Grouped-Query Attention is a technique developed to address the significant memory requirements of the Key Value (KV) Cache during the inference phase of large language models. The KV Cache is essential because it stores the computed keys and values from previous tokens, allowing the model to avoid recalculating them for each new token and enabling the computation time to increase linearly with input tokens rather than quadratically. However, the size of this cache grows substantially with factors like the number of Transformer blocks, batch size, number of attention heads, attention head size, and context length. This can lead to enormous memory usage, potentially reaching hundreds of gigabytes for large models with long context windows, increasing inference costs and slowing down computations.

GQA sits conceptually between Multi-Head Attention (MHA) and Multi-Query Attention (MQA).

1. Multi-Head Attention (MHA): In standard MHA, each attention head typically has its own distinct trainable weight matrices (WK and WV) for computing keys and values. This results in different key and value matrices for every single head. Because they are all different, the KV Cache must store the key and value matrices for every attention head, making the number of heads (N) a direct multiplier in the cache size. MHA is considered the best in terms of performance and context understanding because the distinct keys and values allow each head to capture different perspectives and diverse relationships in the data.

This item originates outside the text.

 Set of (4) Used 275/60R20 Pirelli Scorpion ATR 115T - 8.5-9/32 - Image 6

2. Multi-Query Attention (MQA): MQA goes to the opposite extreme to minimise KV Cache memory. In MQA, all attention heads share the same key and value matrices. This means the key matrix for head one is identical to the key matrix for head two, and so on, and the same applies to the value matrices (see above fig). Only the query matrices (Q) remain distinct for each head. The massive advantage of MQA is the reduction in KV Cache size. Since all keys and values are the same across heads, you only need to cache the keys and values for a single head, effectively removing the number of attention heads (N) as a multiplier in the cache size formula. This results in the smallest KV Cache size among the three techniques. However, the significant disadvantage is performance degradation. By forcing keys and values to be identical, MQA severely restricts the diversity that different heads can capture, leading to weaker context understanding.

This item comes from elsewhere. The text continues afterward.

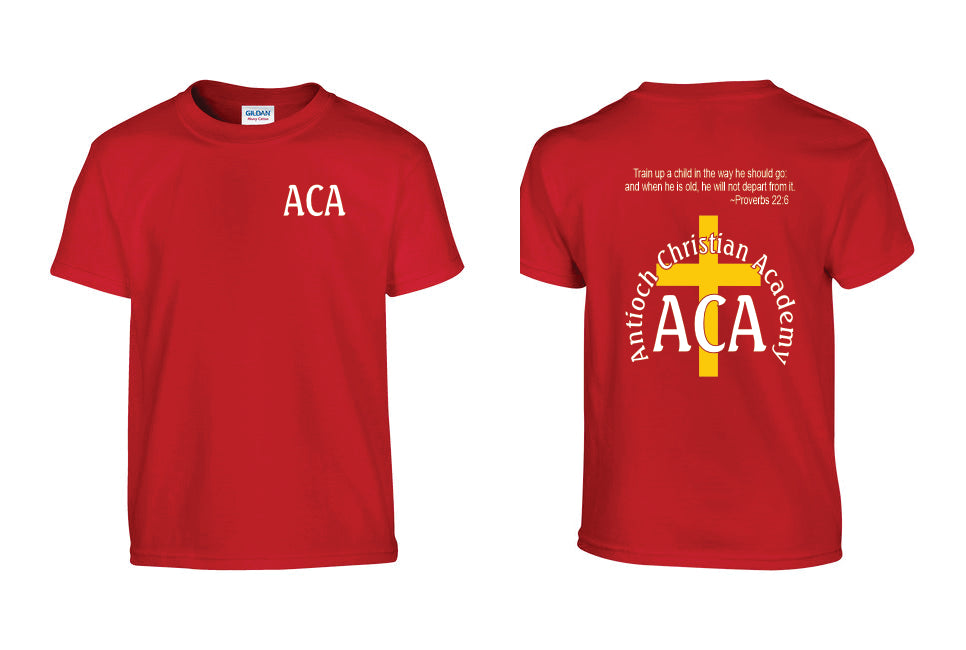 ACA Cotton Tshirt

3. Grouped-Query Attention (GQA): GQA is the compromise. Instead of all heads sharing the same keys and values (like MQA) or every head having unique keys and values (like MHA), GQA proposes to create groups of attention heads, and within each group, the heads share the same key and value matrices. However, the key and value matrices for heads in different groups are different.

The Core Mechanism of GQA:

The attention heads are divided into G groups.
Within each group, the heads share the same trainable WK and WV weight matrices, leading to shared key (K) and value (V) matrices.
Heads in different groups use different WK and WV matrices, resulting in different shared K and V matrices for each group.
The query matrices (Q) remain distinct for each individual attention head, similar to MHA and MQA.

Advantages of GQA:

Reduced KV Cache Memory: GQA reduces the KV Cache size compared to MHA. Since heads within a group share keys and values, you only need to cache the keys and values once per group, not once per head. The KV Cache size now grows with the number of groups (G) instead of the total number of heads (N). If a model has N heads and G groups, the KV Cache size is reduced by a factor of N/G compared to MHA. For example, a model with 128 heads divided into 8 groups would see a KV Cache reduction factor of 128/8 = 16 times compared to MHA. This makes the KV Cache size smaller than MHA but larger than MQA.
Improved Performance over MQA: GQA offers better performance and context understanding than MQA. By allowing different groups to have different keys and values, GQA enables heads in different groups to capture more diversity and different perspectives than MQA, where all heads share the same keys and values.

Disadvantages of GQA:

Larger KV Cache than MQA: The memory savings are not as drastic as MQA, as you still need to cache keys and values for each group, not just a single head.
Lower Performance than MHA: GQA still doesn't achieve the full diversity of MHA, where every head has unique keys and values. Heads within the same group still share the same key-value content, limiting their ability to capture truly distinct perspectives.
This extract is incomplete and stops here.